You are factually incorrect. Elf before Tolkien did indeed include beautiful human people all the way down to dwarves depending on the culture and the different cultures had a shared etymology for the word coming from Aelfr/Alfr etc. the word Orc also has etymological antecedents, including as Orc, and the derivative word was Orcus, a name for Hades as lord of Hell and the word Orca, or demon. Orc itself, simple google search on this, was ferocious sea creature and orcneas was Old English for “monster”.
Encyclopedia Brittanica says Orc also is from the Italian word for Ogre… Orco.
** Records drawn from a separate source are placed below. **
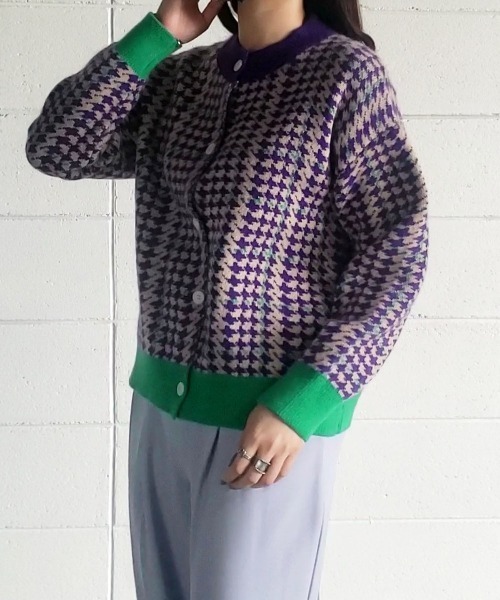 me+em select（ミームセレクト）の「PURPLE＆GREEN 千鳥格子ニットカーディガン（カーディガン/ボレロ・レディース・パープル・FREE）」の11枚目の写真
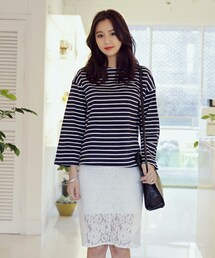 DHOLIC | ボートネックルーズフィットボーダーパターンTシャツ(Tシャツ/カットソー)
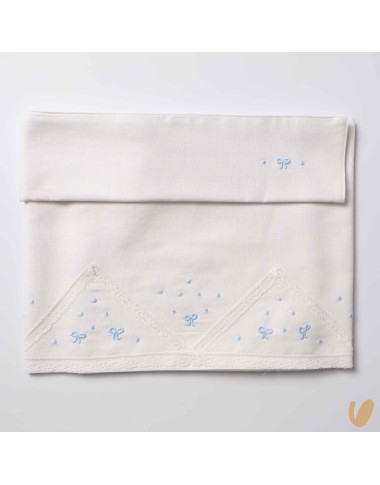 Linen sheet set Hand embroidered love knots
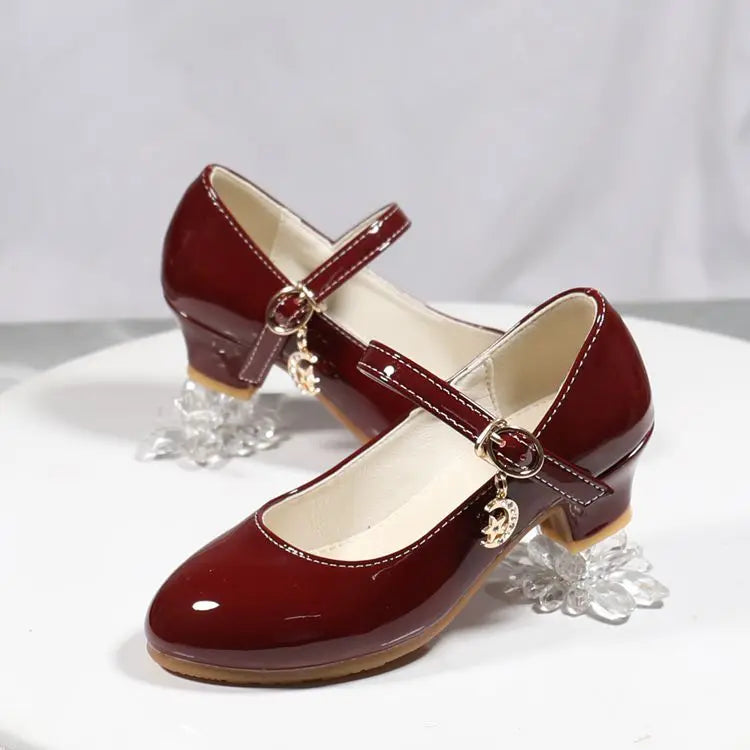 2024 New Four Seasons Girls High Heels Princess Performance Shoe for Students White Children Wedding Party Dnace Shoes Black Red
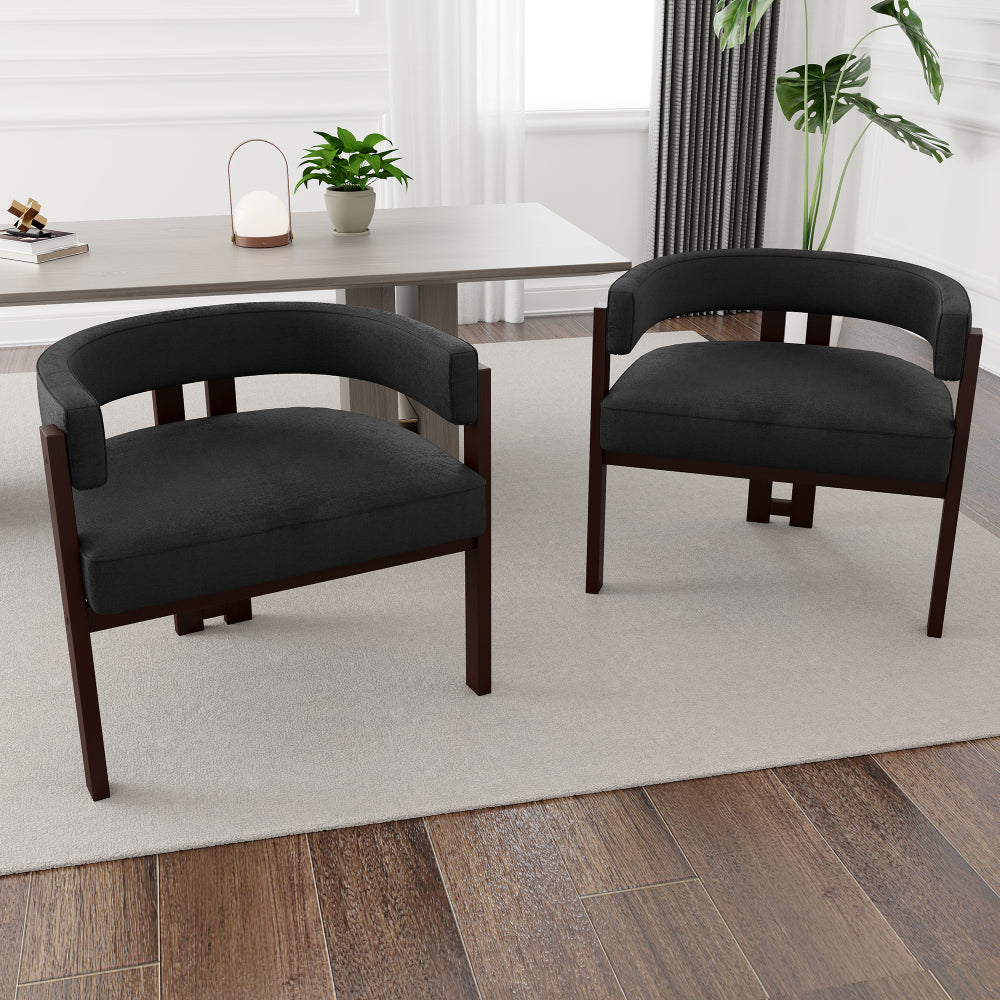 Modern Accent Chair Chenille Upholstered Armchair with Open Back 3 Legs Barrel Dining Chair Comfy Side Chair for Living Room/Bedroom/Dining Room Set of 2 (Emerald)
So was it Middle English? No but Tolkien was a man obsessed with etymology and languages and he did not create the word. He appropriated it for his “monsters”. And since we’ve lost the classical education popular in his time our arrogance assumes people in that time didn’t make the connection that the word Orc indicated monster. Just like we don’t make the connection that goblin also means a type of faerie and and elf is also a type of faerie.
So...it's very frustrating that you say these things, because you're arguing against points I didn't make in several cases. If you have examples of "elf" meaning beautiful humanoids prior to Tolkien, I'd love to see them; I've never seen any myself, and have heard that from
numerous sources before. Knowing that I was wrong, and having good evidence thereof, would be useful to me.
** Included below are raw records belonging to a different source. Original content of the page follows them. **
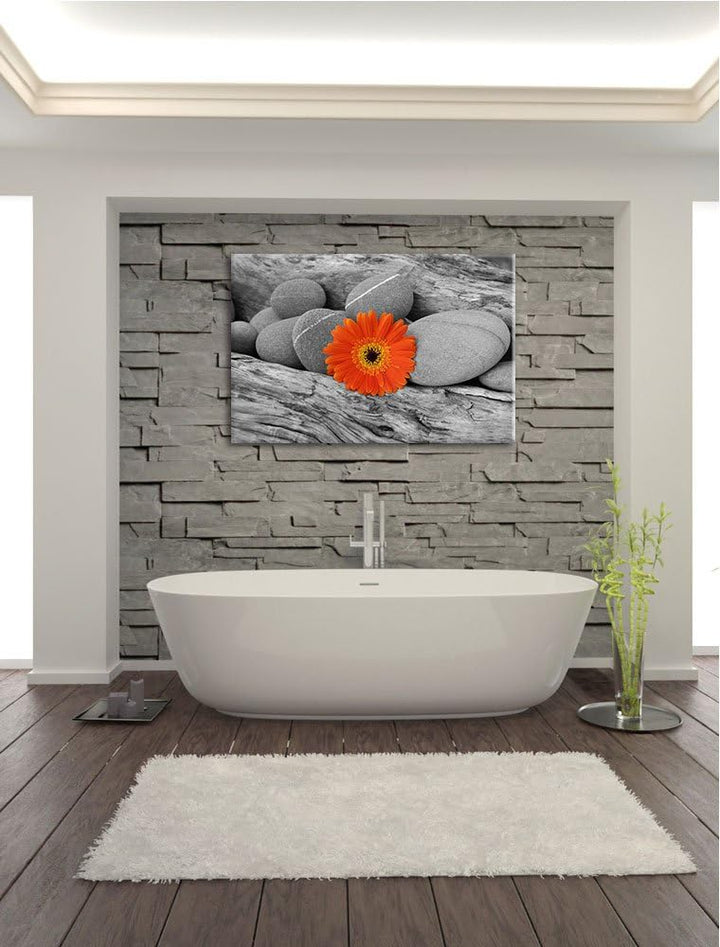 kleine Gerbera zwischen Zen Steinen schwarz/weiss Format: 100x70 auf Leinwand, XXL riesige Bilder fe
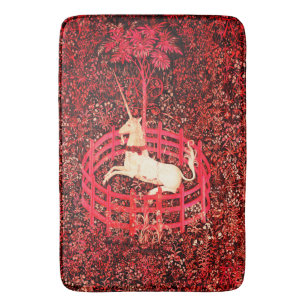 UNICORN GOTHIC FANTASY FLOWERS, RED FLORAL MOTIFS BADMAT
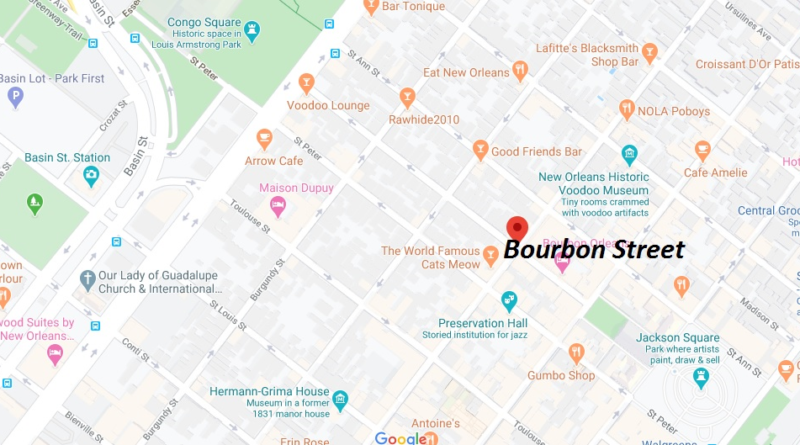 Where is Bourbon Street? What city is Bourbon Street in?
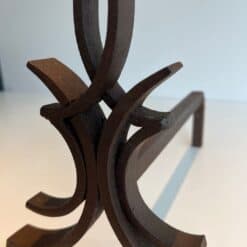 Raymond Subes Attributed Wrought Iron Andirons - Wrought Detail - Styylish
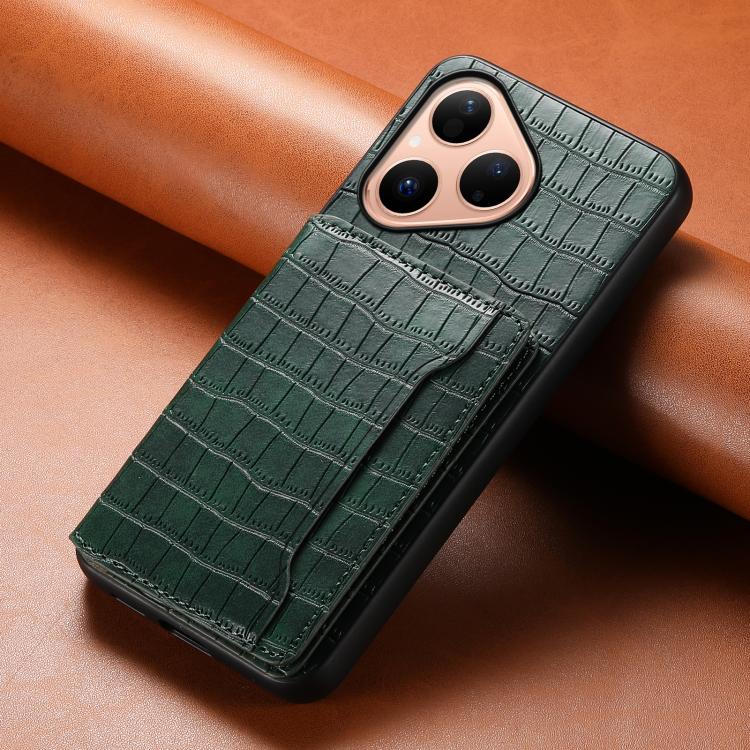 For Huawei Pura 80 5G Crocodile Texture Card Bag Design Full Coverage Phone Case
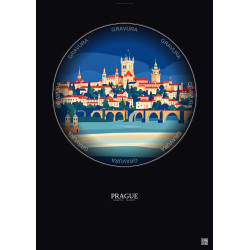 Affiche Prague – Poster illustration vintage – Most Iconic Landmark Of Prague | Gravura – Fond foncé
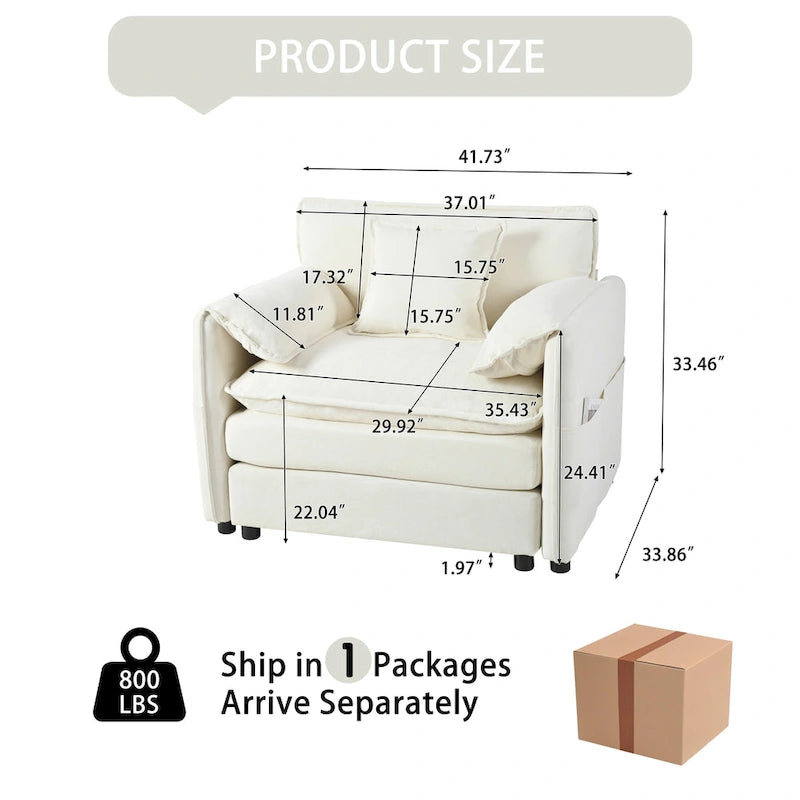 Fauteuil modulaire en chenille avec poches de rangement et coussin décoratif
I never said orc didn't have antecedents. In fact, I explicitly said it DID! I said it wasn't used
in Middle English. It is etymologically related to Orcus, yes, and as you say it is an
OLD English word, but not a MIDDLE or MODERN English word
before Tolkien, which is the actual argument I made. Tolkien revived a word that was essentially dead. Same with "dwimmer," a Middle English word that had essentially gone extinct by Shakespeare's time and which Tolkien used, resulting in its partial revival (Gygax favored the "dweomer" spelling.)
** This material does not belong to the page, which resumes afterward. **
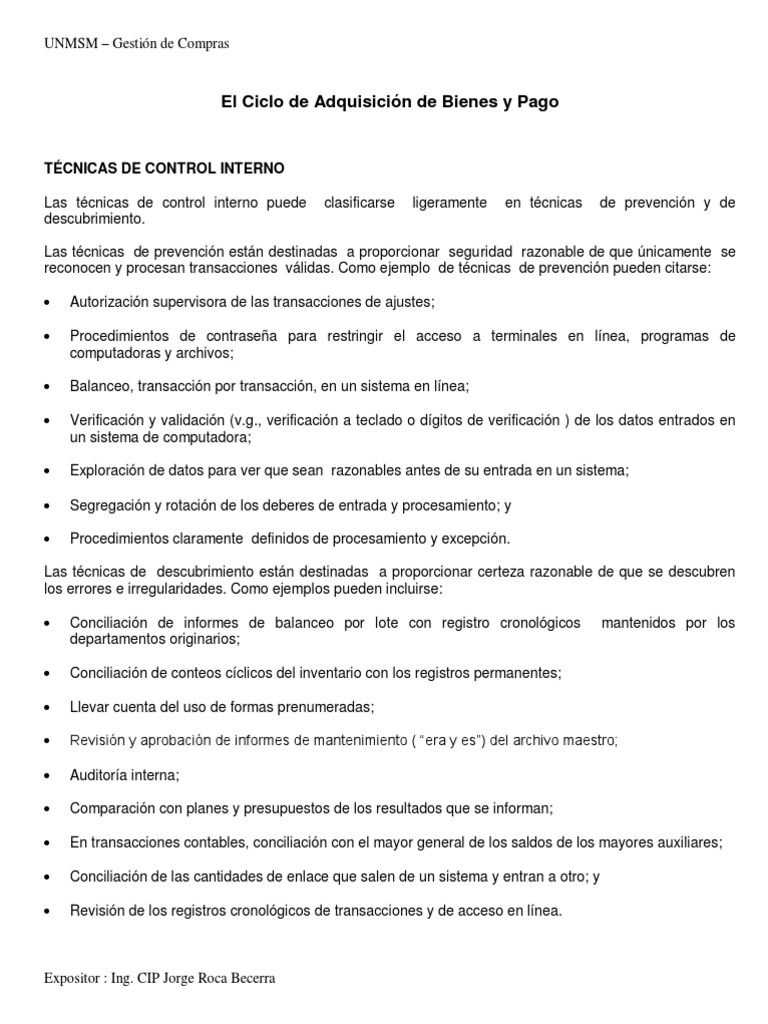 Ciclo de Adquisición y Pago Eficiente | PDF | Inventario | Calidad ...
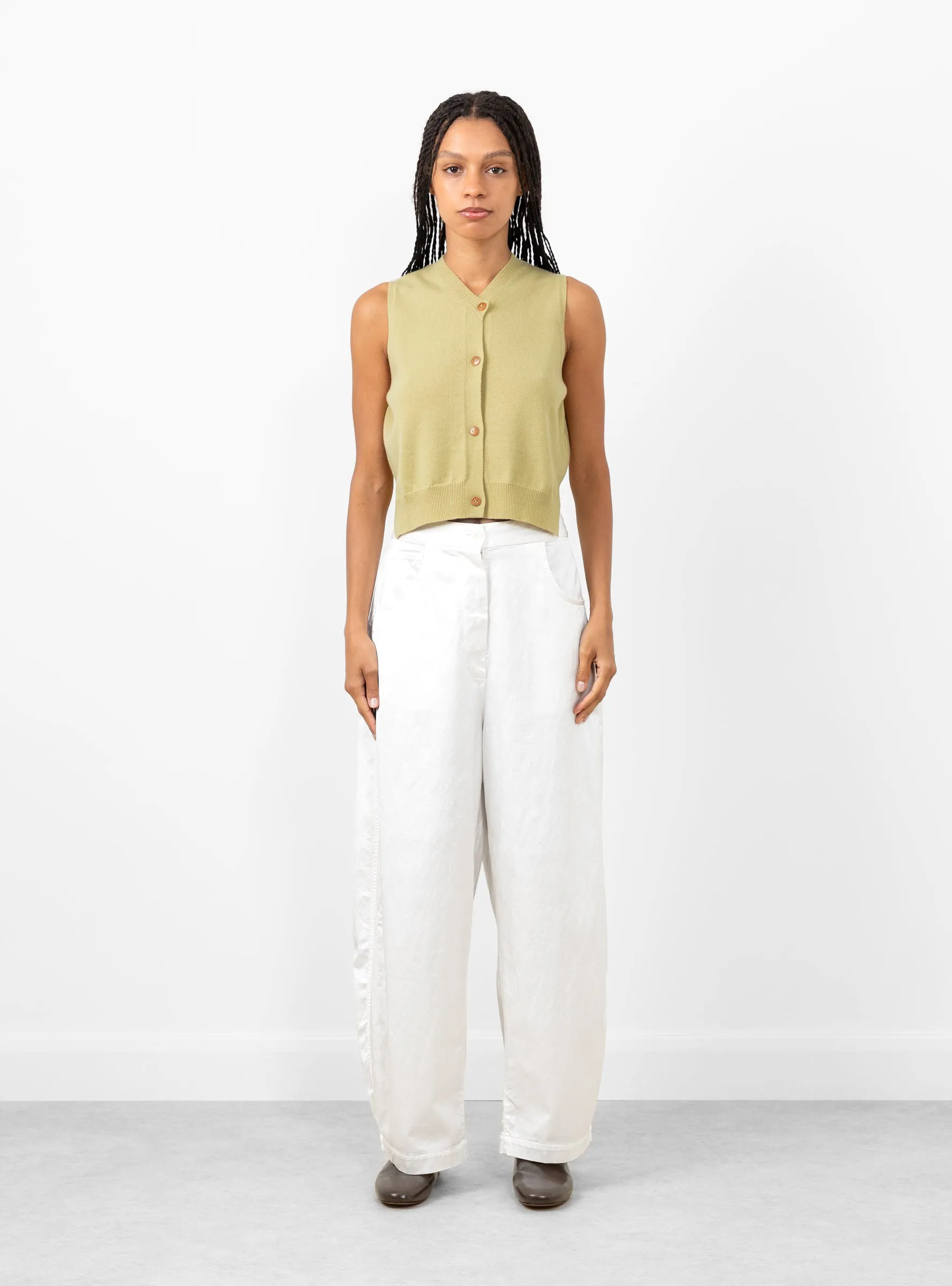 Satin Curved Pants White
"Warg," on the other hand, is only attested as a (variably-spelled) borrowing of the Old Norse
vargr prior to Tolkien's use, which as I said is a blend of the Old Norse word and an Old English word (
wearh, sometimes spelled
wearg.) Its use, to mean a particularly monstrous and intelligent wolf,
really does derive from Tolkien in modern English. It's thus
extremely difficult to believe that Poul Anderson, a physicist by trade, would have re-introduced a random
Old Norse word that hadn't been used in English for hundreds of years
other than by Tolkien.
Unfortunately, I can't find any PDFs of the original magazine serial version of
Three Hearts and Three Lions, so it's hard to be absolutely sure that the word "warg" was, in fact, used there. But whatever Mr. Anderson may have said, it's
pretty hard to argue that there was no influence whatsoever from Tolkien going on. Is Tolkien the end-all, be-all of the fantasy genre's foundation? HELL no! Absolutely not! Not even
close, but his long shadow often causes others--like Mr. Anderson--to get forgotten. I don't want to contribute to that erasure. I just want to not turn "don't erase the others!" into "Tolkien really didn't make a big difference." I'm reminded of the threads we've had on here, duelling over whether Gygax is over- or under-rated in his influence on the game, and whether Arneson gets appropriate recognition or continuously short shrift.
Poul Anderson contributed enormously to what we now consider D&D, and the high fantasy genre, and does not get as much credit as he should. But I stand by the notion that, IN ADDITION to that lack of deserved credit, he ALSO was advancing and spreading key ideas already built up--quite recently--by other authors, and Tolkien was foremost among those authors.